Um especulador tentou, em 2010, "encurralar" o mercado de cacau, como se diz na gíria. Comprar mais e mais, para fazer subir o preço e vender caro. O que ganhou? Apenas uma alcunha: "Chocfinger".

A estratégia é simples, mas muito arriscada e, claro, ilegal. Com bolsos suficientemente fundos e um conhecimento íntimo do mercado, o especulador escolhe uma mercadoria e lança-se numa missão: encontrar o momento certo, comprar mais e mais, até que o mercado sinta a escassez e os preços subam. Depois, é vender aos poucos, com astúcia, e lucrar. Na gíria dos mercados financeiros – e nenhuns são mais eufóricos do que os mercados de matérias-primas – chama-se a isto tentar “encurralar” o mercado. Vários tentaram. Um ficou para a História. Anthony Ward tentou “encurralar” o mercado do cacau em 2002 e em 2010. Na primeira vez, ganhou 40 milhões de libras. Na segunda, não correu tão bem e Anthony Ward perdeu (quase) tudo. Ganhou apenas um lugar na História dos mercados financeiros e uma alcunha: o “Chocfinger”.

Anthony Ward, um inglês de origens relativamente humildes, começou por trabalhar como estafeta antes de se tornar negociador de contratos de futuros sobre matérias-primas. O que são contratos futuros? São a base dos mercados de mercadorias e, como contratos complexos que são, permitem comprar e vender o direito a receber uma quantidade de uma dada matéria-prima numa data futura específica. Quando ouve, diariamente, as notícias sobre a evolução dos preços do petróleo, por exemplo, esse valor refere-se não ao preço do barril físico mas à cotação dos contratos futuros negociados diariamente nas bolsas de matérias-primas como a nova-iorquina NYMEX, a Chicago Mercantile Exchange ou a ICE de Londres. Alguém pode, muito facilmente, fazer uma carreira profissional inteira a negociar nos mercados de matérias-primas sem nunca estar defronte de um barril de petróleo ou de uma tonelada de cacau.

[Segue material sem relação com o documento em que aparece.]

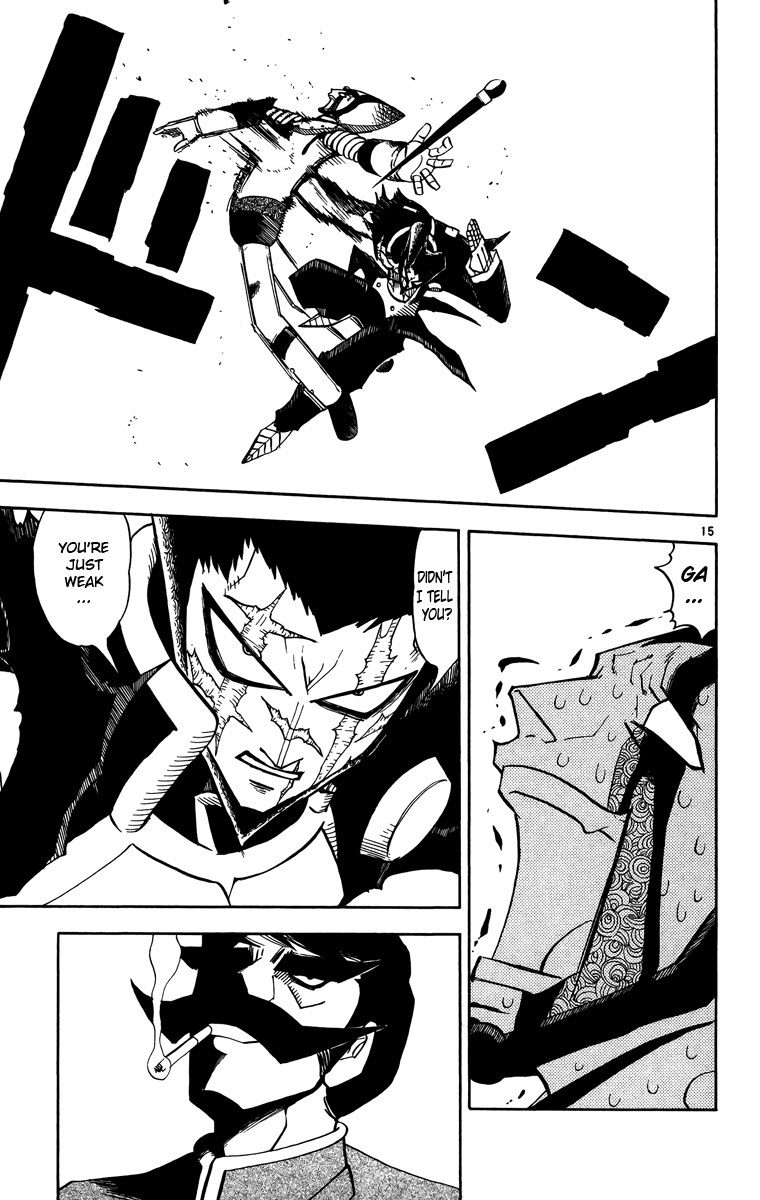 Read Zatch Bell! ENGLISH Manga Online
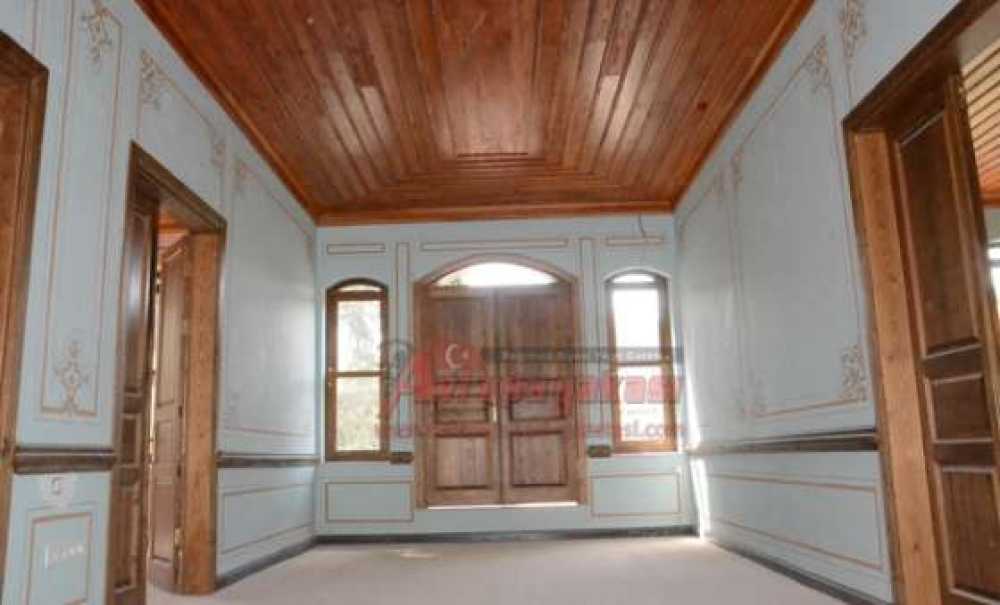 111 Yıllık Bina Bitiyor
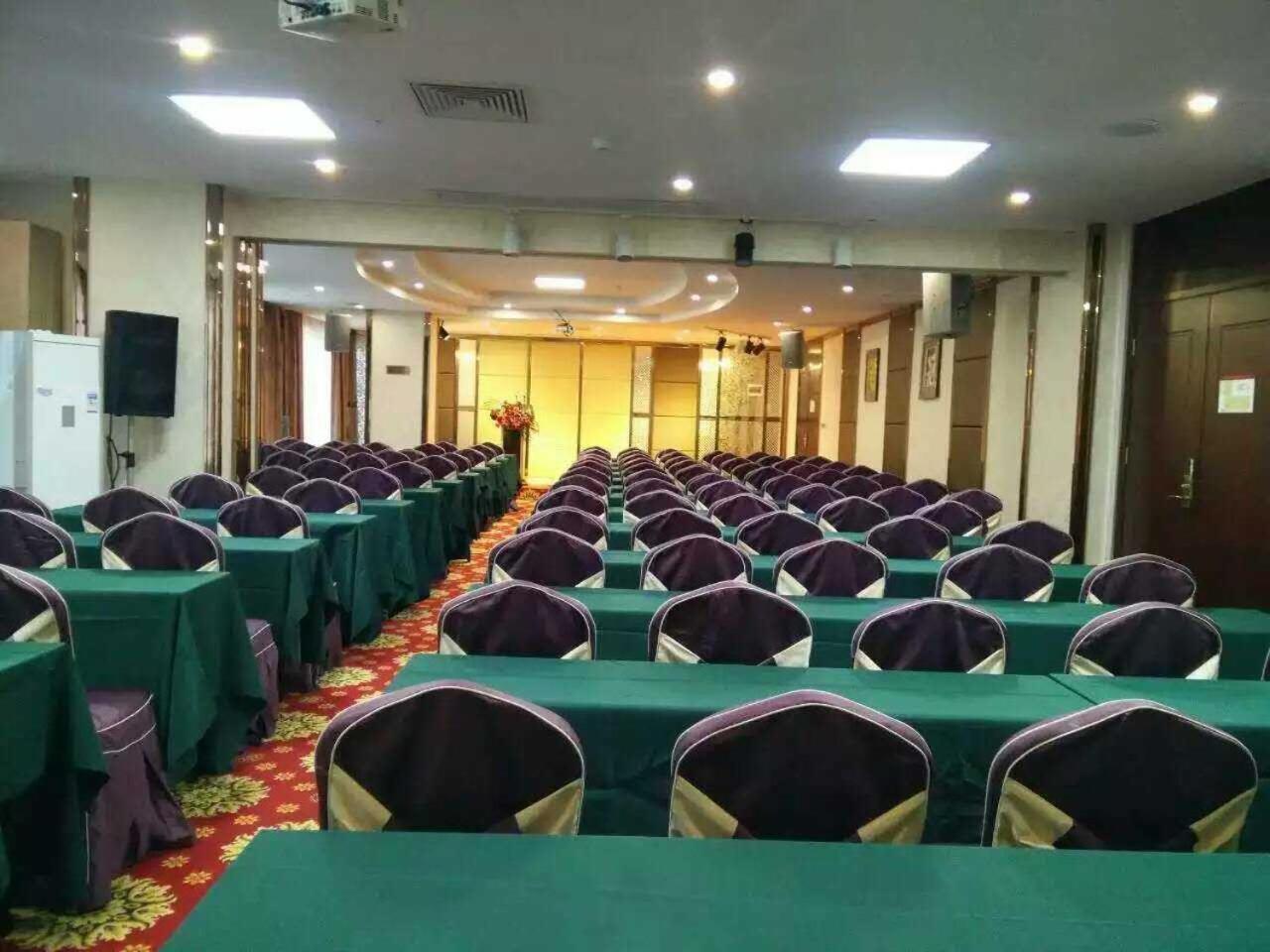 Oubon International Hotel Гуанджоу Екстериор снимка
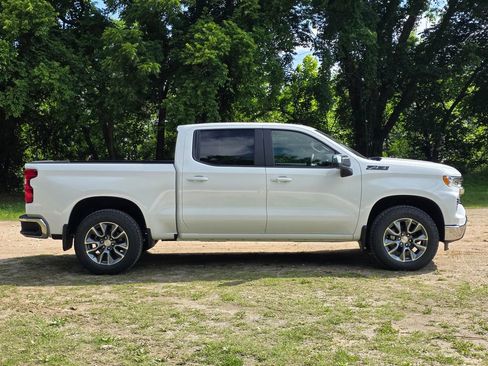 New 2026 Chevrolet Silverado 1500 LT w/ All Star Edition Plus AWD/4WD image 2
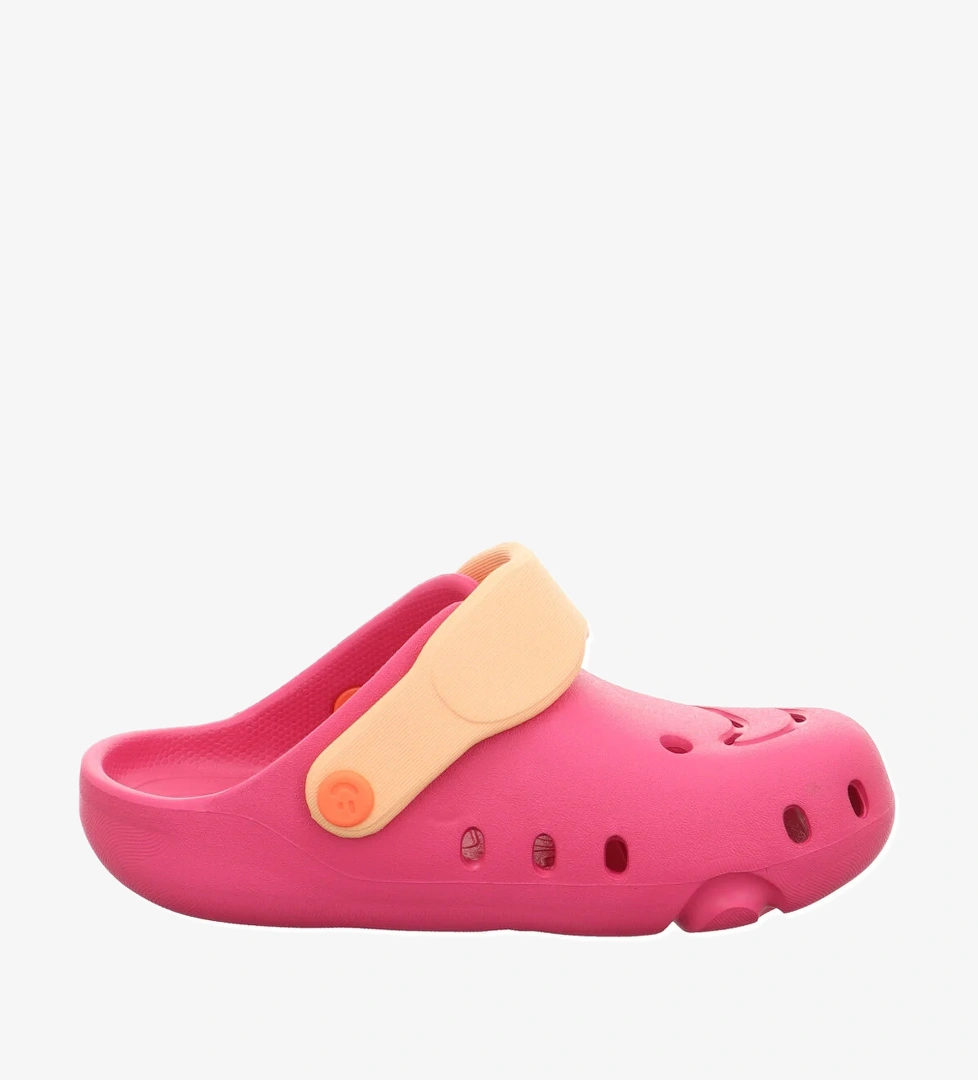 000990-5500-1 Kırmızı Kız Çocuk Sandalet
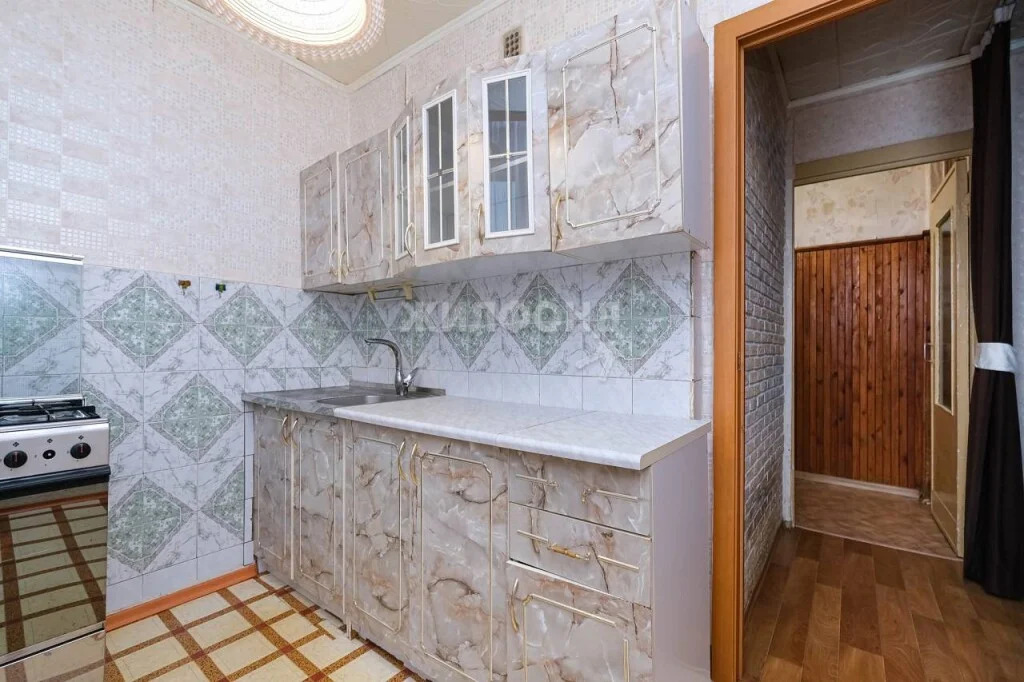 Продажа квартиры, Новосибирск, ул. Столетова - Фото 13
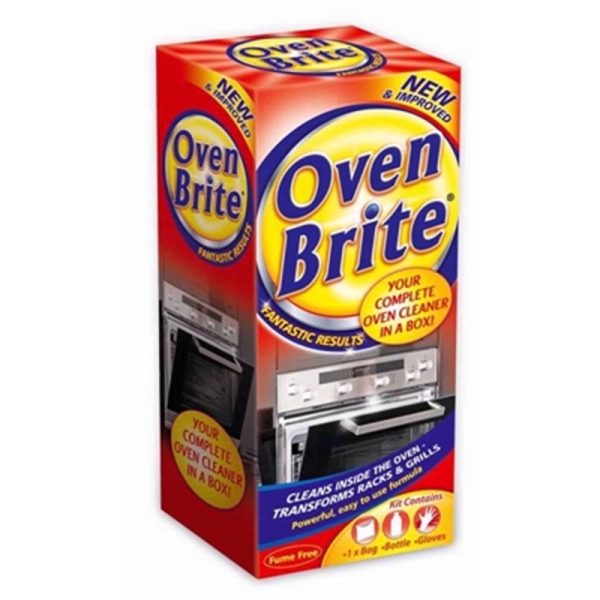 OVEN BRITE 500ML KIT PACK OF 12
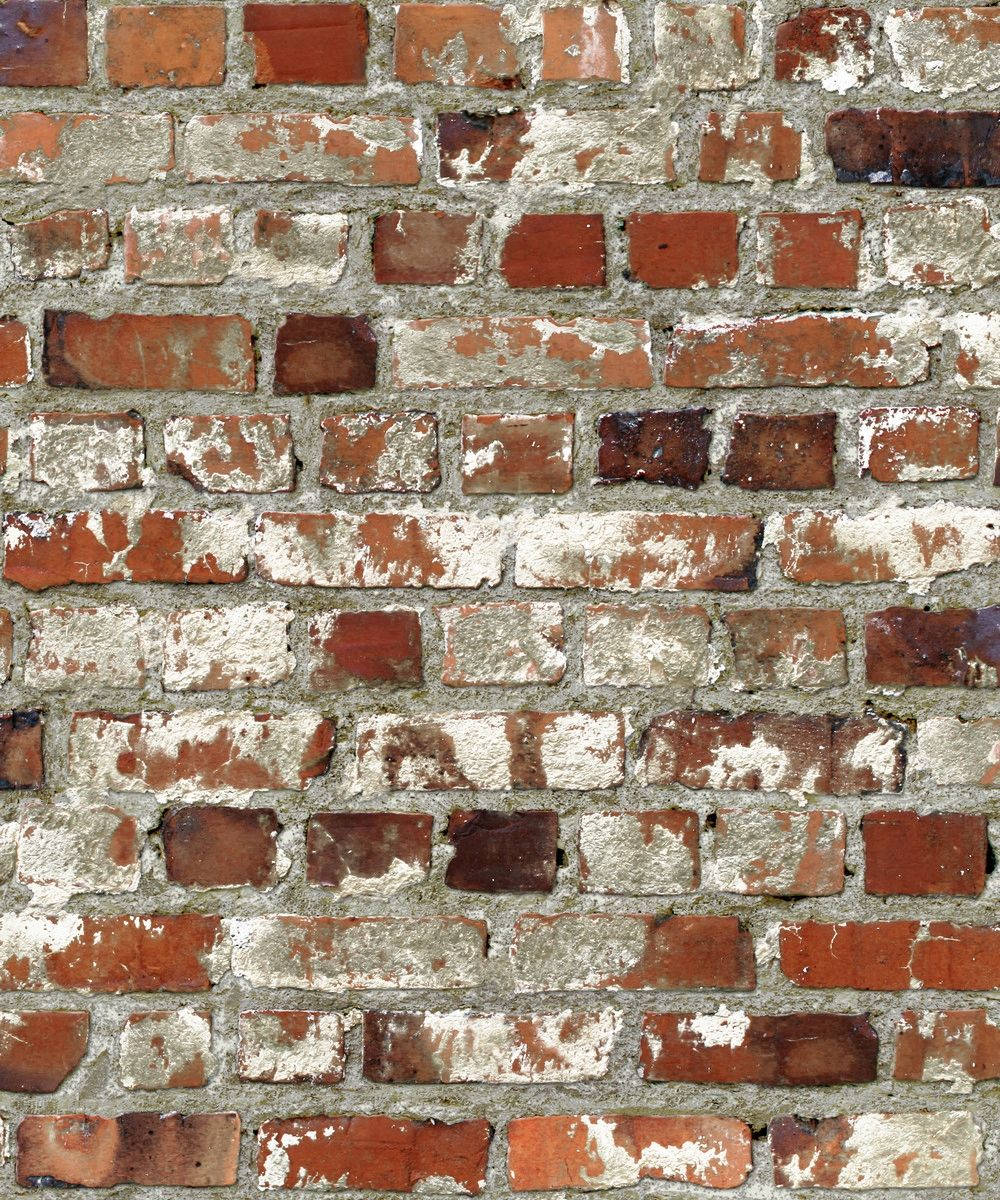 Buy Brick Wallpaper Retro Wind Self  stick Wallpaper Theme Cafe Old  Antique Individuality Brick Stones type 14 Online at desertcartINDIA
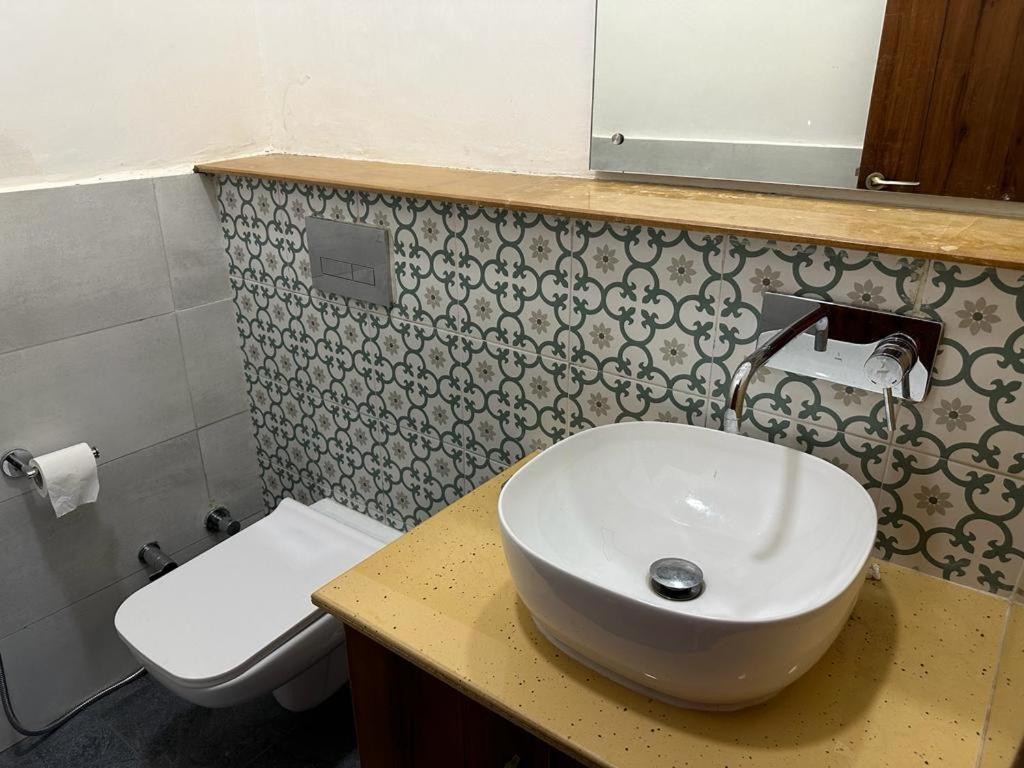 Terra Cottage Palahu Ngoại thất bức ảnh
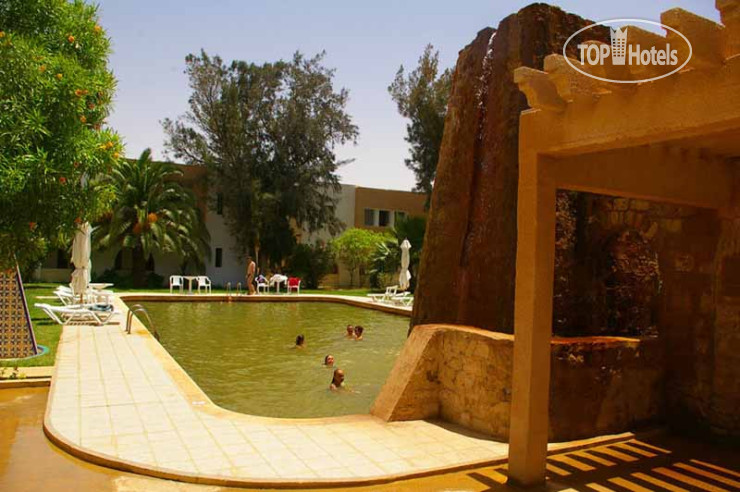 New photos from tourists Golden Yasmin Mehari Douz 3*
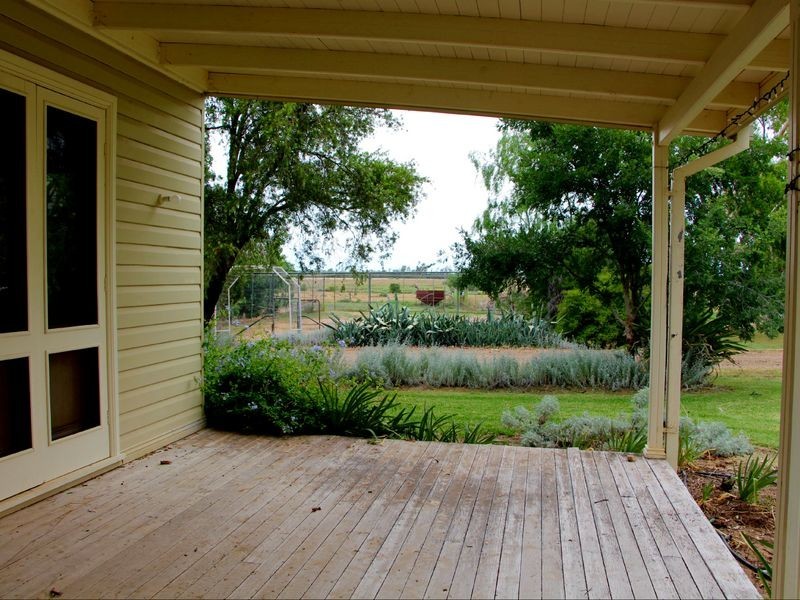 124 County Boundary Road, Pallamallawa NSW 2399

Os "traders" das bolsas de mercadorias podem fazer uma carreira inteira sem nunca estar defronte de um barril de petróleo ou de uma tonelada de cacau.

Getty Images

Não foi esse o caso de Ward. O inglês conhecia os mercados de cacau como poucos, tanto ao nível do mercado financeiro como, também, no terreno. Conviveu de perto com os agricultores do Gana e da Costa do Marfim, mas também com os grandes negociadores de matérias-primas e das empresas que todos os dias compram o produto para fazer o bem final: o imensamente popular chocolate. Chegou a presidente da Associação Europeia do Cacau e, em conjunto com um sócio, criou um veículo de investimento chamado Armajaro Asset Management. Como “hedge fund” que é, a Armajaro procura oportunidades de investimento de curto prazo para tentar realizar grandes lucros em “apostas” mais arriscadas.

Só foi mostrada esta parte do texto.